*Data block*:

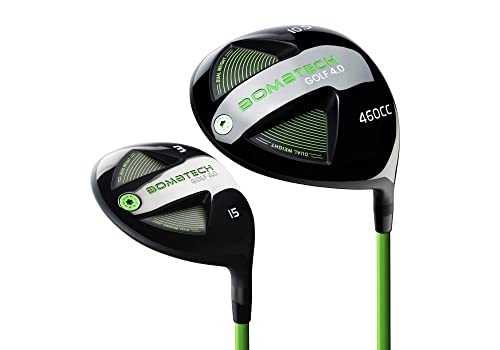 BombTech Golf - 4.0 Driver and 3 Wood Bundle - Premium Golf Wood Set for Men - Easy to Hit Off Tee - Max Forgiveness and Accuracy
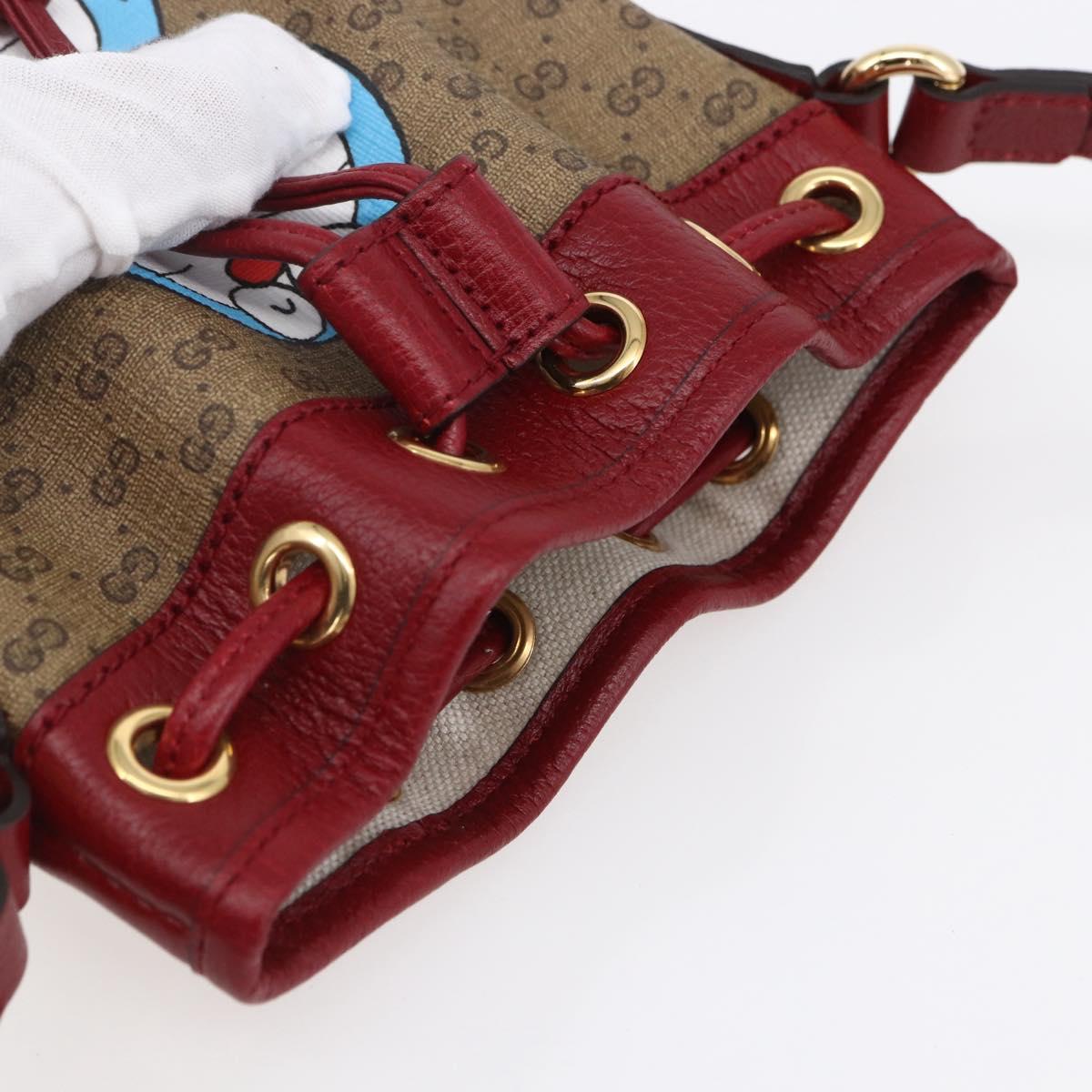 GUCCI Micro GG Supreme Doraemon Mini Bucket Bag PVC Beige 647801 Auth 154926SAM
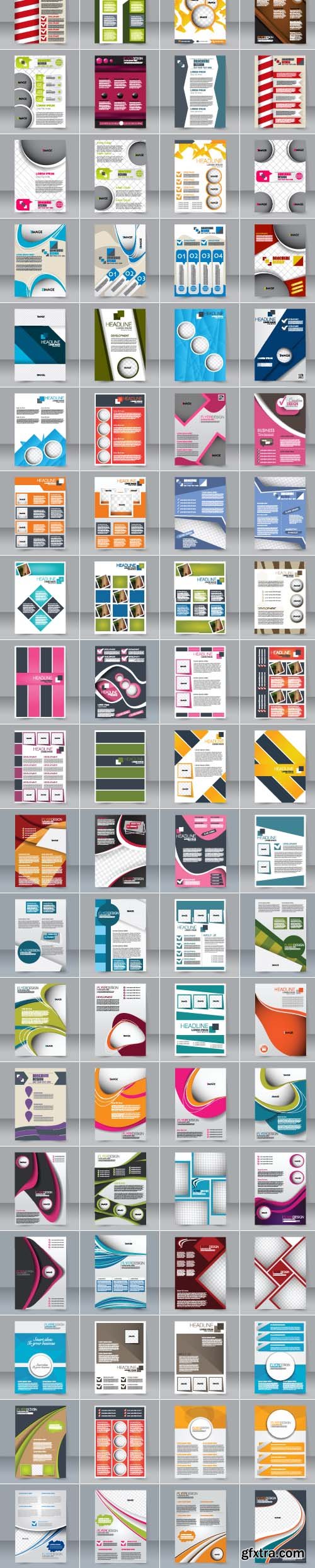 Business flyer brochure cover bundle template vector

*How to complete this task*:
Your response must reproduce every line of the data exactly, with images omitted.

*Solution to the exercise*:
 BombTech Golf - 4.0 Driver and 3 Wood Bundle - Premium Golf Wood Set for Men - Easy to Hit Off Tee - Max Forgiveness and Accuracy
 GUCCI Micro GG Supreme Doraemon Mini Bucket Bag PVC Beige 647801 Auth 154926SAM
 Business flyer brochure cover bundle template vector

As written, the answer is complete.